Allan MacMillan, a vice principal at St. Jerome's Separate School, was given an opportunity to learn about the forgotten victims of war.

MacMillan went on a trip with Toronto ALPHA, the Association for Learning and Preserving the History of World War Two in Asia, to China and Korea to see sites and learn some Second World War history. MacMillan said what it was a great experience that has affected him as a teacher.

"It has changed some of my lesson plans. I try to incorporate what I've learned in my classroom, as much as the curriculum allows," said MacMillan.

"In the Alberta curriculum an atrocity (the Nanking Massacre) that claimed 300,000 or more lives is covered in two or three paragraphs. To understand the causes, events and consequences is impossible to do in that length of time, so it's up to people like me."
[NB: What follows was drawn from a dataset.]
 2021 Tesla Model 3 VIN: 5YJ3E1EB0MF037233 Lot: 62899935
The trip MacMillan went on visited Shanghai, Nanking, Harbin and Beijing, China as well as Seoul, South Korea. At each stop the group learned about different elements of the Japanese occupation of both Korea and China, which included the comfort women system, the Nanking Massacre, Unit-731 and forced slave labour.

Shanghai was the first stop of the trip, which focused on the comfort women system, which MacMillan said, was a system established by the Japanese Imperial government to create brothels. Chinese and Korean women were forced into sexual servitude to service Japanese soldiers.
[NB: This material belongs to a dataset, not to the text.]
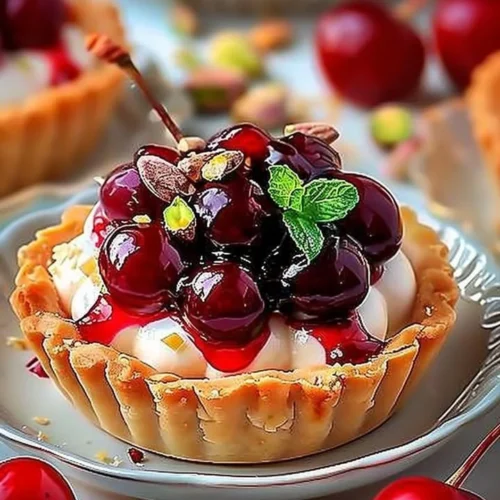 Elegant Cherry Pistachio Tartlets with cherry topping and pistachio crust.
"The official Japanese line was these were created in order to diminish the amount of attacks on women," said MacMillan.

"Initially the idea was to use Japanese prostitutes, which was legal at the time in Japan, but in reality there weren't enough Japanese women. So what would happen was the women were lured to a different city under the premise of employment as a nanny or a caregiver. When they arrived they were forced into sexual slavery."

He added the vast majority of the comfort women were Korean, because Korea was a Japanese colony at the time, but a number also came from China as well as other Japanese occupied territories, including the Philippines and even Dutch women who lived in Dutch colonies in South East Asia.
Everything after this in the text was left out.